* [Required work]:
Whenever a line contains the string "Suites", copy it out of the entries.

________________________

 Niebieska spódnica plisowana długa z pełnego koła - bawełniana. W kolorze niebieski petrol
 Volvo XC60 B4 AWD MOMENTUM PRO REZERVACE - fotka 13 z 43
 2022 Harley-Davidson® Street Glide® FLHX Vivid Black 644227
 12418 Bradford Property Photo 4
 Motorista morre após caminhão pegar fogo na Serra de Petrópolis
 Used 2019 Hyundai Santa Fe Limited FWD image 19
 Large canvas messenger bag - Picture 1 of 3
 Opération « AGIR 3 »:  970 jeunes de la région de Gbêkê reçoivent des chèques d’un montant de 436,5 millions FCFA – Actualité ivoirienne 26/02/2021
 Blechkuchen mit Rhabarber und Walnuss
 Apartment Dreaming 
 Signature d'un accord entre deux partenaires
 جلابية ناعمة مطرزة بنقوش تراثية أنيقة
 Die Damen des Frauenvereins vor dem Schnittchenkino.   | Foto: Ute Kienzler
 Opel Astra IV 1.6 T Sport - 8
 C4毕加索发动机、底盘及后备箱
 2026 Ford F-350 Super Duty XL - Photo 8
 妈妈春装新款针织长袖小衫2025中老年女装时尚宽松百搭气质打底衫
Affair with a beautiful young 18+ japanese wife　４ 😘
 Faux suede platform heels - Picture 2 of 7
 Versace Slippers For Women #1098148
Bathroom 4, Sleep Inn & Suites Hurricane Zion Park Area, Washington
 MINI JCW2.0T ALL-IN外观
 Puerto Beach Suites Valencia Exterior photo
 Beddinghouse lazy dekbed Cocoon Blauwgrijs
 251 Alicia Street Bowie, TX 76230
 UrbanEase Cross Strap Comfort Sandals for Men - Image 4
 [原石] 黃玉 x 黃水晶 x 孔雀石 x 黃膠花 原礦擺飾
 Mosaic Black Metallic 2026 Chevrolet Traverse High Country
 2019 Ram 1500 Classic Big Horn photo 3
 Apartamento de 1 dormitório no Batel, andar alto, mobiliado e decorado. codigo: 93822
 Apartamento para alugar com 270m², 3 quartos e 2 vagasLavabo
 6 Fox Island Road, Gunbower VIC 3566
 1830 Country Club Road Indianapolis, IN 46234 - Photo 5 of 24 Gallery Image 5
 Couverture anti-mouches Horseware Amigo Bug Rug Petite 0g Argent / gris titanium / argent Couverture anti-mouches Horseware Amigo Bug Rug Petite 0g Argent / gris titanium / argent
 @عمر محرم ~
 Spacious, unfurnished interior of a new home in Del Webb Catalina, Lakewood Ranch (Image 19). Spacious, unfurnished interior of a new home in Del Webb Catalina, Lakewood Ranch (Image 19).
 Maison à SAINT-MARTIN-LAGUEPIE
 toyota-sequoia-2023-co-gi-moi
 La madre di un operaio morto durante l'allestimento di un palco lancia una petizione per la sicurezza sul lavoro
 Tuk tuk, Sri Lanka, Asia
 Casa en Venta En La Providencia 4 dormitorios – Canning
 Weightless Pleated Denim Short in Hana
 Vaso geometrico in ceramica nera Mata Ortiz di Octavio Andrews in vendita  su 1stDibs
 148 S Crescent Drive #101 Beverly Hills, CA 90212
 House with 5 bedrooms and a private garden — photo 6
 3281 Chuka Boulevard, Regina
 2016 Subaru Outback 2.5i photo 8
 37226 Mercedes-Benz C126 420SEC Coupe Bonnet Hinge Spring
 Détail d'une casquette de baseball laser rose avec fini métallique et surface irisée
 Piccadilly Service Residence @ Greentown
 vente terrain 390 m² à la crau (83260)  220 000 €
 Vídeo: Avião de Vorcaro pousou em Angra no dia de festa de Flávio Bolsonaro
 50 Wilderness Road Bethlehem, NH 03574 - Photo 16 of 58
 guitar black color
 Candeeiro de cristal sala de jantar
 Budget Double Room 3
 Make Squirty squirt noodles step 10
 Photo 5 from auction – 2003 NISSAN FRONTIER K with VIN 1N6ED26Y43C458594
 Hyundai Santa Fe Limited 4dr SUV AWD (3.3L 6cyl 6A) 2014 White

________________________

* [Response to this exercise]:
Bathroom 4, Sleep Inn & Suites Hurricane Zion Park Area, Washington
 Puerto Beach Suites Valencia Exterior photo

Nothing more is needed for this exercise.